How do you design a game based on a true story?

| 11 minute read
This is a revised and extended edition of an article I originally wrote in 2022 for Israeli tech maganize TekTok prior to One Tank In May's release. This is a revised and translated version of that article, updated for 2025.
Documentaries reallyhave come a long way, haven't they?
Once considered the domain of dads who sleep in front of the tele, documentaries evolved into fascinating, high-budget, cinematic experiences, with carefully constructed twists and turns powered by sharp editing.
Audiences are ready and willing to experience real-life stories about real people in exciting and innovative ways. So... why don't we have documentary video games? Or, at least, ones based on true stories?
Oh, well, it's easy. Because they are interactive.
History was (and is) not written by player agency. It happened in a very specific way, by very specific people who made very specific decisions. We are also very protective of history, and for good reason: if you're a documentarian and you cut too many corners, not only have you betrayed the trust of your audience, but you have essentially distorted the historical record. "Zeitgeist", "Super Size Me", "Jenin Jenin", "S-Town" and "Serial", every Michael Moore film - all of these docs experienced some sort of controversy tied to the way they told their stories.
Despite all the virtues and impact interactivity has, maybe there are stories that only non-interactive media, like film, television, and literature can tell, watching things happen from the sidelines. In Fuck Videogames, designer and programmer Darius Kazemi argues that video games (and interactive experiences in general) suffer from excessive hype, and that interactivity doesn't inherently make art more engaging or interesting simply by virtue of it being interactive.
In short - the fucking medium is the fucking message.
The Tank
A book cover caught my eye. It did not feature a tank, but its title promised one. Simply named The Tank (הטנק), it's an Israeli war story, written by promising Israeli author Assaf Inbari.

After reading it, I'm happy to announce that there is indeed a tank in the book. A real tank, standing naked and destroyed to this very day in Degania Alef, a few minutes' drive away from the Sea of Galilee. Five different people claim they destroyed it during the 1948 Arab-Israeli War, and essentially saved Degania (and ostensibly Northen Israel) from the Syrian army. The Tank (the book that is) covered the stories of these men in full.
And it was actually pretty sad.
The Tank details the lives of these men in tight, light, almost Biblical prose. They were not brave fighters but farmers and Holocaust survivors. They were given cheap rocket launchers and Czechoslovakian guns. They did not expect to defeat a tank, nor did they expect it to become a symbol. Some of them did not like the attention, others needed it - but it matters not. They are all but forgotten today.
Furthermore - no one knows who really destroyed the tank. I thought it was Inbari being dramatic. He was not.
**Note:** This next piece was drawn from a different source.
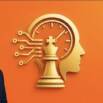 AI in 60 Minutes: What Every Leader Should Know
The werecked Syrian tank in Degania Alef. Photo: Dr. Avishai Teicher, CC-BY-SA
A whirlwind of Google-searching, new-tab-opening, bibliography-reading ensued. I felt like I was a detective, or, well, a director of a true crime doc. While falling through the rabbit hole, I eventually got to one clear conclusion: wow, that's a great concept for a video game.
But uh... where to begin?
I have fond memories of World War II shooters, and we'll go over them shortly. But in my research, I also found many smaller stories; stories we don't really think about on a day-to-day basis. Tiny, everyday ones. Slice-of-life stuff, by folks who just wanted to fit in or figure out what they wanted to do with their lives.
I've organized these games into three different groups - design philosophies, if you will - that developers use to make history a playable reality.
Needless to say, game design and narrative design is a part of art, and art is subjective as hell. I am not an industry veteran nor do I study game design academically. Don't treat this as anything but an op-ed.
Reconstruction
Don't sweat the small details. What's important is to immerse players in the ambience, give them a sense of place. Evoke a certain... (flips through dictionary) verisimilitude.
These games try to evoke the "emotional truth" of a given situation, and use traditional gameplay frameworks to accentuate it. These games are heavily rooted in genre, and don't tend to mold or change their core gameplay structure for the sake of plot.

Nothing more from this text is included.